2.6. Propensity score matching
In addition to the pre–post analysis tracking changes in clinical characteristics and costs over time for a given patient, we used a propensity score–matching model to compare outcomes across cohorts. Given the retrospective nature of the study (patients were not randomly assigned into treatment cohorts), to account for the underlying differences between cohorts, each patient in the tramadol cohort was propensity score (±1/8 SD) matched 1:1 to a patient in the nontramadol cohort using a “greedy” matching methodology.3 This approach, which is commonly used in matched health care utilization studies,10,14,17,18,22 selects a patient among the eligible controls for each subsequent tramadol patient based on the nearest propensity score. Propensity scores were calculated for patients using a multivariate logistic regression with the following covariates measured at baseline: age, sex, region, CCI, presence of selected comorbidities (anxiety, depression, and alcohol dependence), number of medical visits (ED, inpatient, outpatient, or other), medical costs (ED, inpatient, outpatient, or other), and prescription drug costs.

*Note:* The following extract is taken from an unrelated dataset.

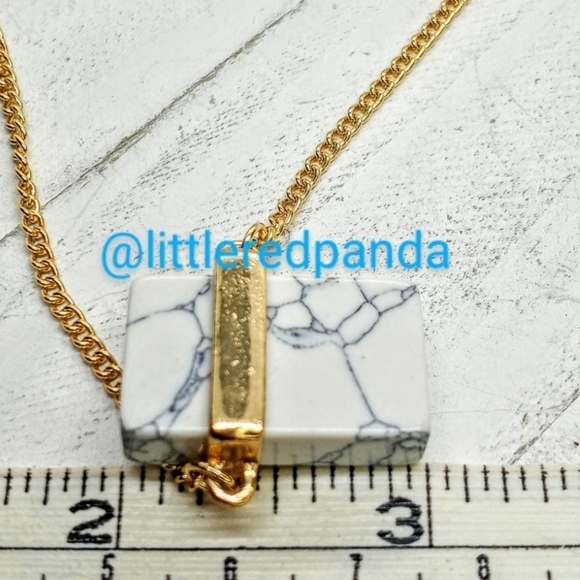 Howlite bar necklace - Picture 2 of 5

2.7. Statistical comparisons
Standardized differences were used for comparing HRU, costs, and outcomes between the baseline and follow-up period to assess whether there were any enduring differences. Statistical significance was assessed between the unmatched samples using the χ2 test for categorical variables and the Wilcoxon rank-sum test for continuous variables and was assessed between the matched samples using the McNemar test for categorical variables and the Wilcoxon signed-rank test for continuous variables. All analyses were conducted using SAS version 9.4 (SAS Institute Inc, Cary, NC).
3. Results
3.1. Sample selection
Between January 1, 2012, and March 31, 2017, a total of 390,028 patients had at least 2 diagnoses of OA of the hip and/or knee, of those, 225,383 patients received at least 1 opioid prescription. After applying the sample selection criteria, the final analytic sample consisted of 14,491 total individuals: 4048 (28%) in the tramadol cohort and 10,443 (72%) in the nontramadol cohort (Fig. 1).
Figure 1.
Sample selection for patients with OA. OA, osteoarthritis. 1Patients in the tramadol cohort were matched 1:1 to patients in the nontramadol cohort using a propensity score, accounting for baseline characteristics (demographics, underlying comorbid conditions, health care resource utilization, and direct medical costs).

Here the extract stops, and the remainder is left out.